Will 33s fit on a stock truck without a lift?

On most modern half-ton trucks, 33s will mount on stock suspension but rub at full steering lock or under hard suspension compression. A 2-inch leveling kit clears the issue on F-150, Silverado, Sierra, and Ram. Jeep Wrangler JL and JK trims handle 33s on stock suspension cleanly. Tacomas typically rub even with a leveling kit unless wheel offset is adjusted.

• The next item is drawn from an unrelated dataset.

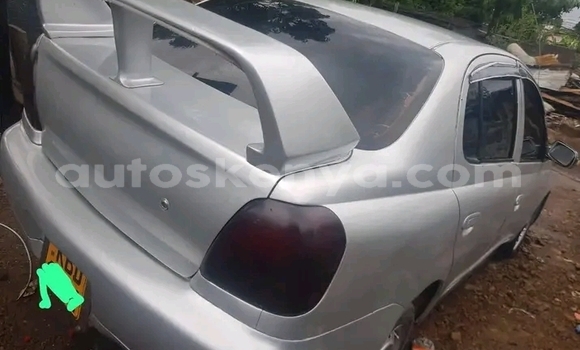 Oofamaa Toyota Platz Other Makiinaa iti Bute keessatti Northeast Kenya keessatti Oofamaa Toyota Platz Other Makiinaa iti Bute keessatti Northeast Kenya keessatti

Can I run 35s on just a leveling kit?

Not cleanly on most half-ton trucks. A leveling kit raises only the front of the vehicle and does not create the suspension cycling clearance that 35s need. Owners who run 35s on a leveling kit usually have aftermarket wheels with aggressive offset, trimmed fenders, and tolerate rubbing on uneven terrain. For a clean 35" fitment, plan on at least a 3.5-inch full suspension lift.

Do I need new wheels when I go to bigger tires?

Usually yes once you go past 33". Factory wheels are designed with offset and backspacing that keep the tire tucked in close to the suspension. Larger tires need to sit further out from the suspension components, which means an aftermarket wheel with reduced backspacing or negative offset. Check the lift kit manufacturer's wheel spec before ordering.

Will a body lift let me fit bigger tires than a suspension lift?

A body lift adds fender-to-tire clearance because it raises the cab off the frame, but it doesn't help the suspension cycling clearance — when the suspension compresses, the tire is still moving toward the inner fender well. Body lifts are most useful as a supplement to a suspension lift on Jeeps and older trucks, not as a replacement.

How much will MPG drop with larger tires?

Expect a 1 to 3 MPG drop going from 32s to 35s, and a further 1 to 2 MPG drop going from 35s to 37s. The exact loss depends on tire weight, tread aggressiveness, gear ratio, and how the truck is driven. Regearing recovers some of the loss but not all of it.

Does going to a bigger tire affect my speedometer?

Yes. A larger tire covers more ground per revolution, so the speedometer under-reports speed and the odometer under-reports mileage. A 35" tire on a truck originally equipped with 32s will show roughly 9% slow on the speedometer. Recalibration through an OBD-II programmer is the standard fix on modern trucks.